#### TO DO:
Only some lines are wanted: please transcribe exactly those from the one containing "Does bicarbonate of soda kill ants" through the end of the data, pictures excluded.

◆ ◆ ◆ ◆ ◆ ◆ ◆

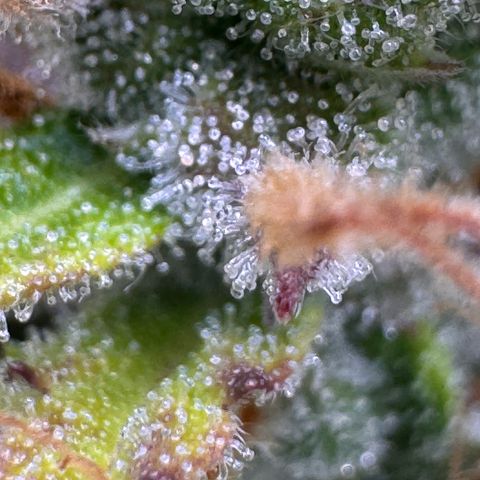 Fat Banana Auto #1 -89g growlog photo: 23:37
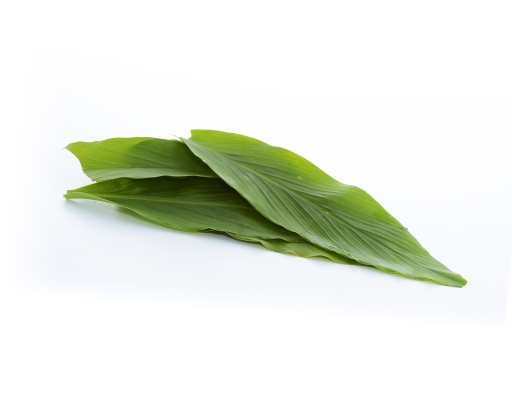 Daun Kunyit Mr. Green image 1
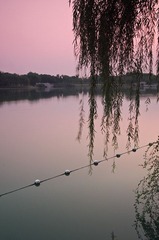 IMGP1050.jpg
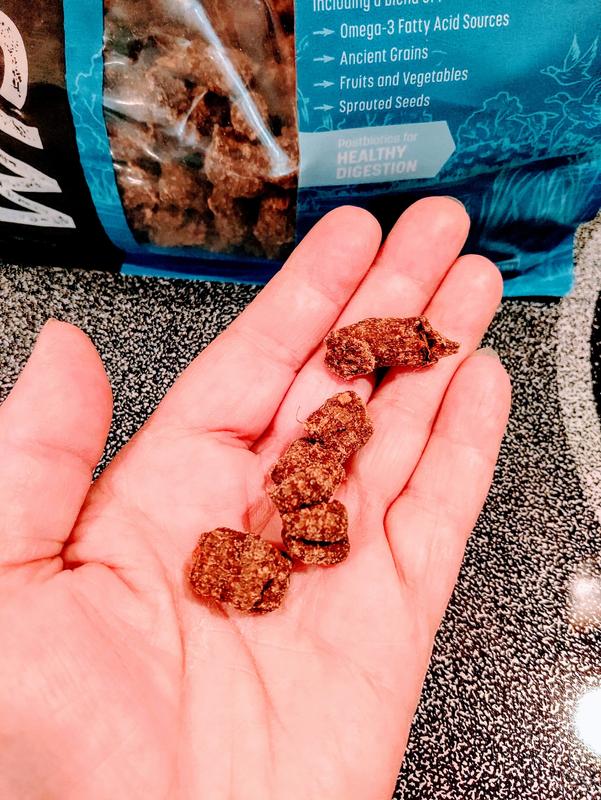 Great Size Chewy Bites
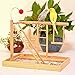kathson Parrot Playpen, Bird Perch Playstand Parrot Playground Gym, Wood Ladder Swing Climbing with Toys Exercise Play for Parakeet Budgie Conure Hamsterthumb 4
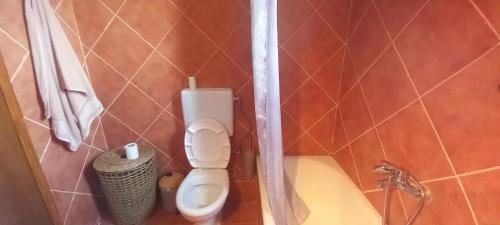 a small bathroom with a toilet and a sink at Seaview Miloi in Eretria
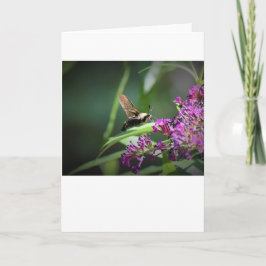Hummingbird Moth, tarjeta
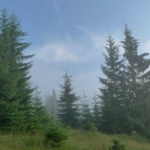 Парцел в Сливен, в.з. Сливен - 960 кв.м за 103 €/кв.м - Снимка #1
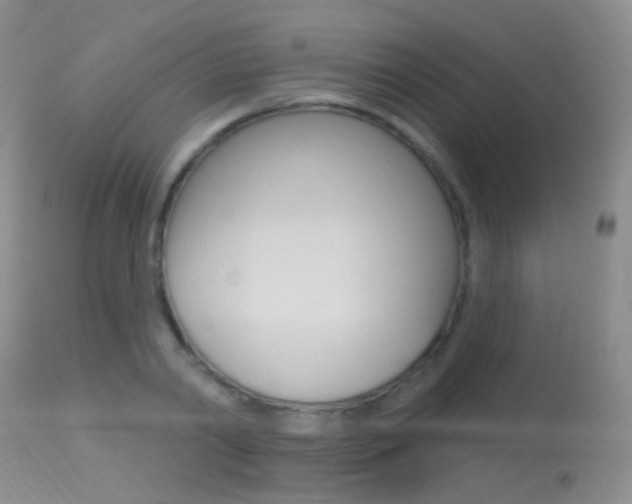 X0000113630790200909181303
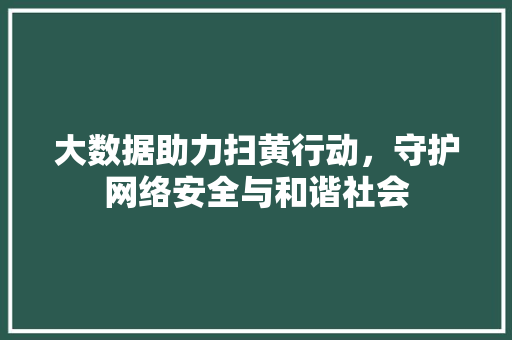 大数据助力扫黄行动，守护网络安全与和谐社会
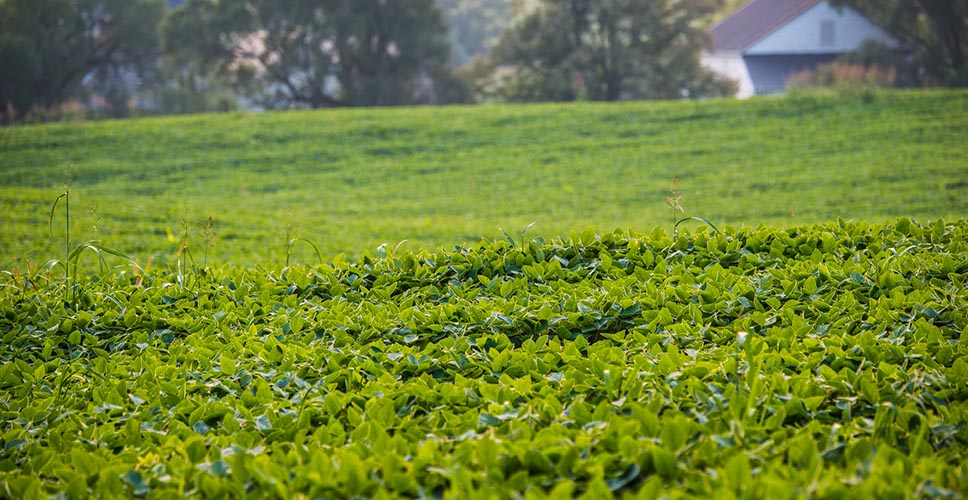 Image of green grass.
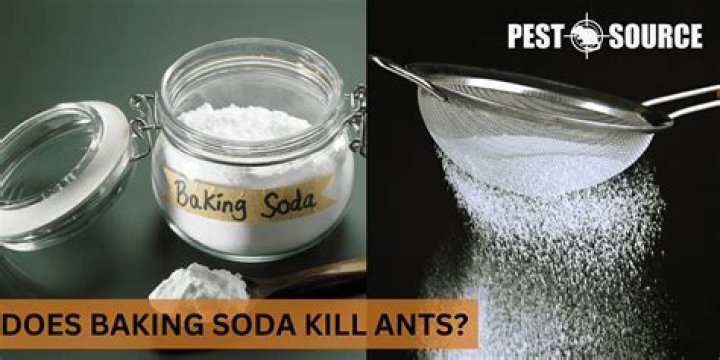 Does bicarbonate of soda kill ants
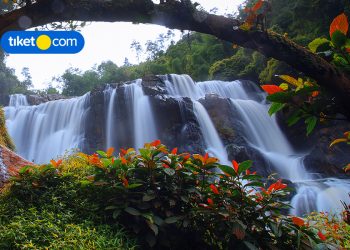 Tempat Wisata Ngehits di Bandung Barat, Wajib Masuk Wishlist!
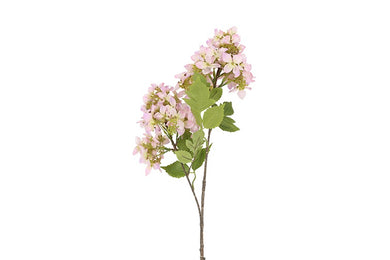 Hydrangea paars-L20B20H80CM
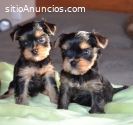 Hermosos cachorros de Yorkshire disponib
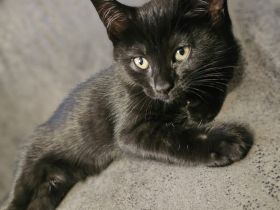 Katzenbaby 14wochen Kater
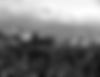 StChristol-entre-vignes-noir.jpg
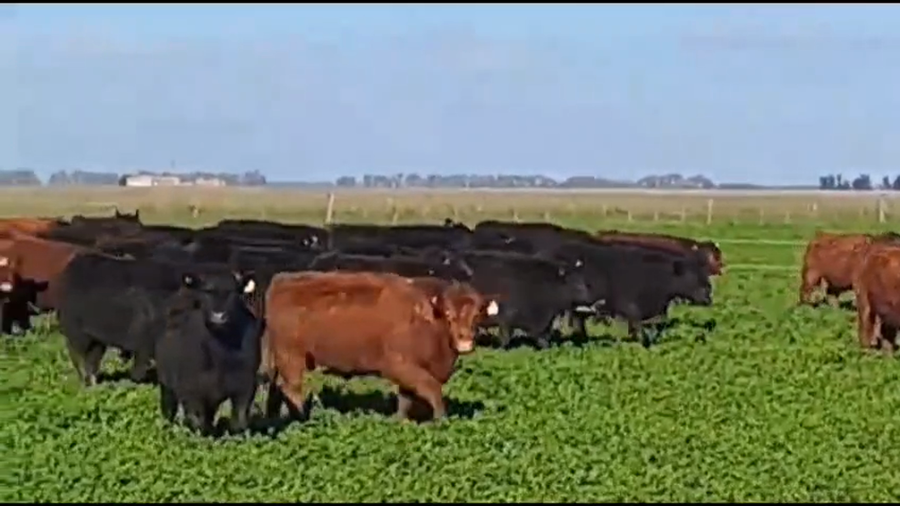 Lote 90 Novillitos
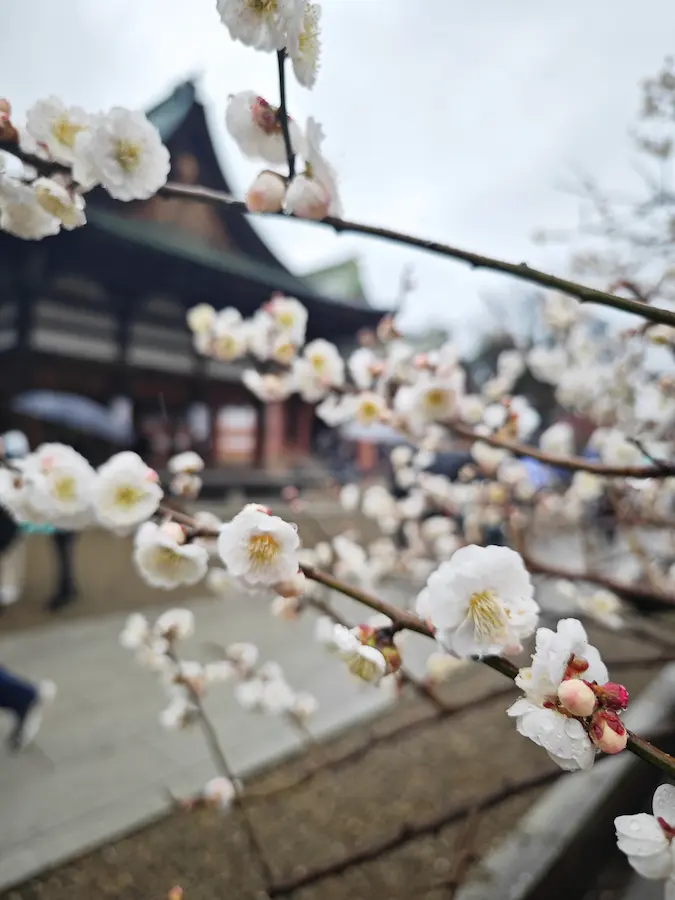 Plum Blossom Festival at Kitano Tenmangu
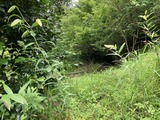 百合の蕾がピックがかって
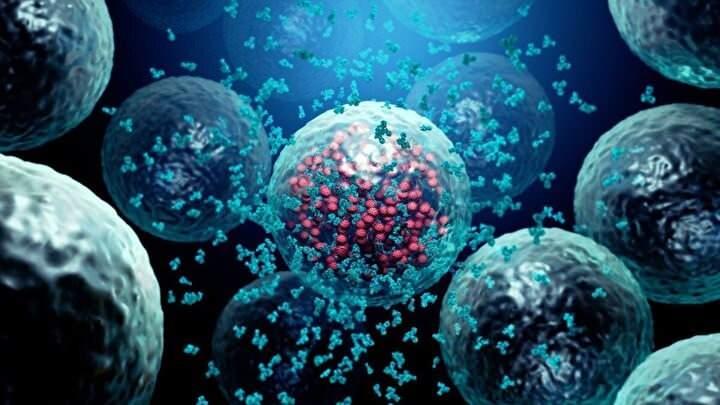 <p><strong>T HÜCRE TEPKİSİ DAHA DAYANIKLI</strong><br />
<br />
İnsanları hastalığa karşı daha fazla korumanın bir yolu olarak T-hücreleri, aşı üreticileri ve klinisyenlerin gittikçe ilgisini çekmeye devam ediyor.</p>
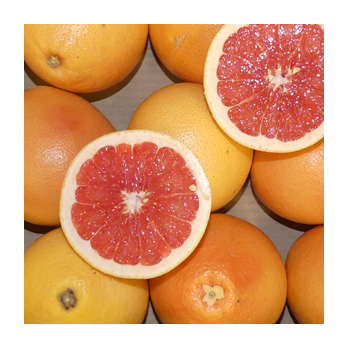 Grapefruit rot Star Ruby Südafrika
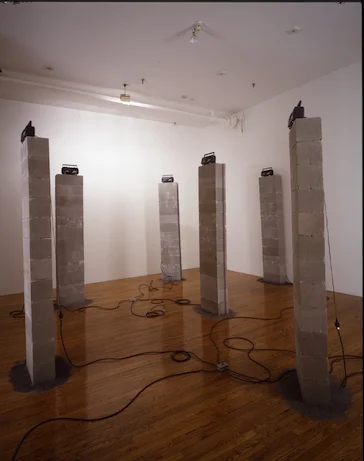 Countdown, (collaboration with Alex Wilson)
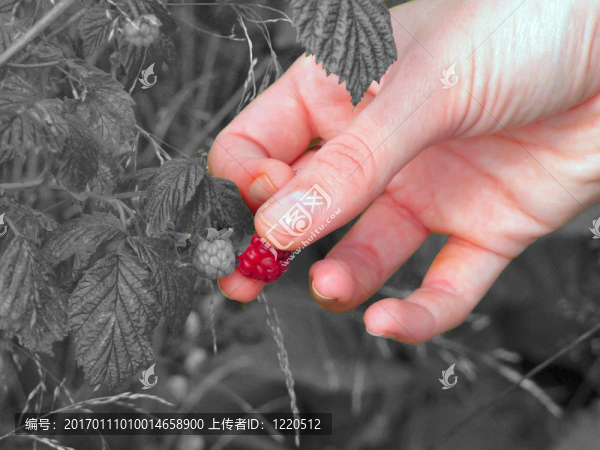 raspber,berrypicking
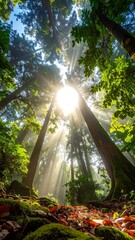 Forest Sunlight Towering Trees Bathed in Golden Light, a Nature's Sanctuary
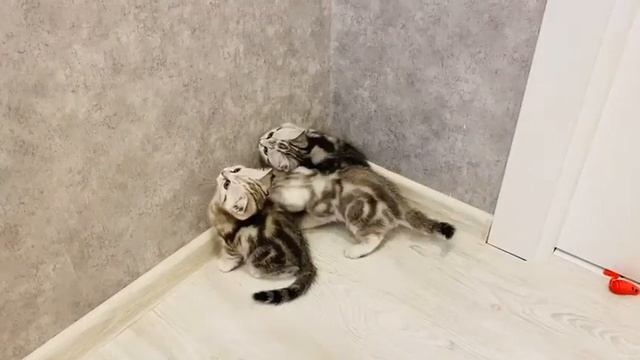 Продаются британские мраморные котят ns 22 64 смотреть онлайн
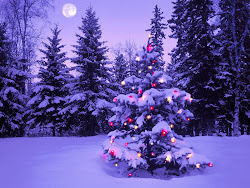 christmas trees wallpapers tree backgrounds desktop outdoor snowy scenes xmas scenery holiday computer cute winter yule scene purple pine nature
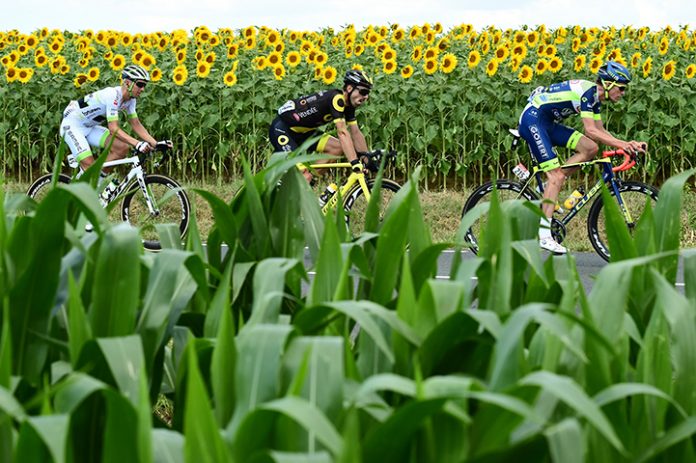 Vive Le Tour de France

◆ ◆ ◆ ◆ ◆ ◆ ◆

#### EXPECTED OUTPUT:
 Does bicarbonate of soda kill ants
 Tempat Wisata Ngehits di Bandung Barat, Wajib Masuk Wishlist!
 Hydrangea paars-L20B20H80CM
 Hermosos cachorros de Yorkshire disponib
 Katzenbaby 14wochen Kater
 StChristol-entre-vignes-noir.jpg
 Lote 90 Novillitos
 Plum Blossom Festival at Kitano Tenmangu
 百合の蕾がピックがかって
 <p><strong>T HÜCRE TEPKİSİ DAHA DAYANIKLI</strong><br />
<br />
İnsanları hastalığa karşı daha fazla korumanın bir yolu olarak T-hücreleri, aşı üreticileri ve klinisyenlerin gittikçe ilgisini çekmeye devam ediyor.</p>
 Grapefruit rot Star Ruby Südafrika
 Countdown, (collaboration with Alex Wilson)
 raspber,berrypicking
 Forest Sunlight Towering Trees Bathed in Golden Light, a Nature's Sanctuary
 Продаются британские мраморные котят ns 22 64 смотреть онлайн
 christmas trees wallpapers tree backgrounds desktop outdoor snowy scenes xmas scenery holiday computer cute winter yule scene purple pine nature
 Vive Le Tour de France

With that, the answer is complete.